On peut être déconcerté, ou déçu, lecteur moderne, par l'agencement de cette lettre; sans émettre de jugement de valeur, on peut à tout le moins affirmer son caractère "exotique", si j'ose dire, tant les mœurs qui y sont décrites nous semblent étrangères. Alors qu'on s'attendrait à voir la naissance de la critique moderne, alors qu'on voudrait lire les lignes d'une vraie écrivaine s'exprimant sur un autre écrivain, on est frappé par la place majoritaire accordée à l'événement l'emportant sur la pièce elle-même.

Il serait toutefois inexact de dire que Madame de Sévigné, femme de goût, ne dit rien de la pièce; elle emploie de nombreux qualificatifs, qui révèlent d'ailleurs les attendus du lecteur ou spectateur "classique": "tout y est simple, tout y est innocent, tout y est sublime et touchant" : l'oeuvre d'art a pour fonction d'émouvoir, d'élever l'âme, d'édifier, et cela dans une forme simple, c'est-à-dire naturelle et équilibrée. On note également la suite, où Madame de Sévigné souligne le caractère équilibré et bienséant de l’œuvre: "cette fidélité de l’histoire sainte donne du respect ; tous les chants convenables aux paroles, qui sont tirées des Psaumes ou de La Sagesse, et mis dans le sujet, sont d’une beauté qu’on ne soutient pas sans larmes" - le caractère de "bienséance" dont on a abondamment parlé, n'est pas seulement moral, comme l'utilisation du mot finit par le laisser croire, mais renvoie à l'idée de convenance: ici de l'oeuvre à son sujet, de la mélodie aux paroles, des paroles au sujet. Le Classicisme: art de l'adéquation.
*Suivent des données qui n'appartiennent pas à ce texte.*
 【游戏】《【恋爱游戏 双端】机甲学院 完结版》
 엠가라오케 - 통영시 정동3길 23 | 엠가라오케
Mais enfin! Le lecteur désireux d'une critique approfondie sera mal payé: ce qui occupe Madame de Sévigné, c'est la cour, et elle le dit elle-même au début du passage: "je fis la mienne", c'est-à-dire, "je fis ma cour", expression elliptique qui semble renvoyer à l'idée que Madame de Sévigné a consolidé sa position à la cour, qu'elle a "gagné des points"... on me pardonnera la familiarité de l'expression, je pense, car, quand même! cette grandeur grisante d'être proche des premiers cercles, et même, comme cela va être le cas, de s'approcher de l'astre autour duquel gravitent tous, le Roi, cette grandeur a quelque chose de bien infantile. Voyez les détails qui retiennent son attention et valent la peine d'être relatés: quelles places sont réservées, quelles places peut on choisir, quelles places choisit-elle finalement, et à côté de qui; et puis, après la pièce, l'événement merveilleux, le Roi lui adressant la parole.
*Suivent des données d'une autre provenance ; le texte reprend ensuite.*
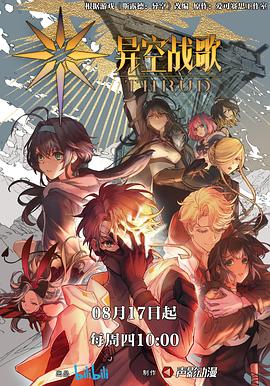 爽爽深夜香蕉海报剧照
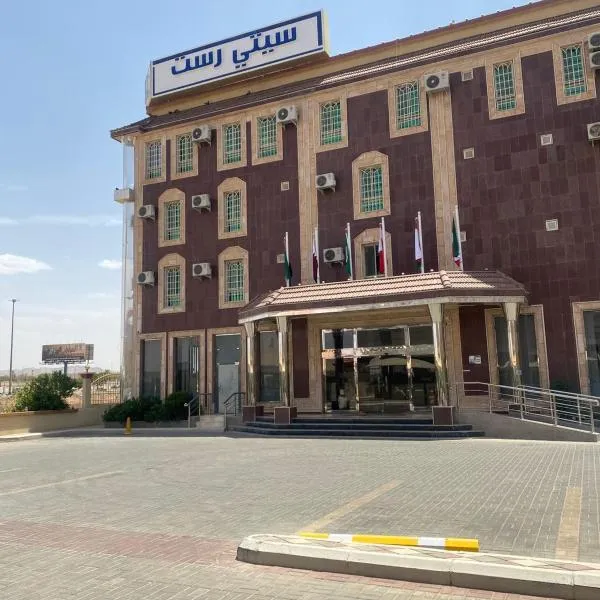 فندق سيتي رست, hotel v destinaci Najran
C'est un triomphe, pour Madame de Sévigné, et dans une compétition qui a l'air acharné, puisqu'elle prend le soin d' ajouter: "Et puis sa majesté s’en alla, et me laissa l’objet de l’envie.". Madame de Sévigné prend soin de raconter dans le détail sa conversation. Nous entendrons le roi Louis XIV, au style direct: un témoignage sans détour. Mais là encore, déception. Car quelle banalité, quelle platitude dans cet échange! "Le roi me dit : « Racine a bien de l’esprit. » "

L'échange prend, malgré sa nullité, une couleur triomphale; car ce n'est pas le fond qui nous occupe ici, c'est la forme, car si le théâtre est sur scène, il est surtout dans le public: il faut savoir tenir son rôle, se placer sur scène, donner la réplique, et le public vous admire - vous jalouse. Et le théâtre ne finit pas avec le départ du roi, puisque Madame de Sévigné, forte de son tout récent honneur, doit continuer à tenir son rôle; or le chemin est semé d'embûches. Que faire de l'événement, le cacher? se serait fausse modestie ("Je lui contai tout naïvement mes petites prospérités, ne voulant point les cachoter sans savoir pourquoi, comme de certaines personnes"); mais il faut se garder de tout triomphalisme, qui serait déplacé, de mauvais goût, contraire à la bienséance, vaniteux, etc. "Je suis assurée qu'il ne m'a point trouvé, dans la suite, ni une sotte vanité, ni un transport de bourgeoise; demandez-lui."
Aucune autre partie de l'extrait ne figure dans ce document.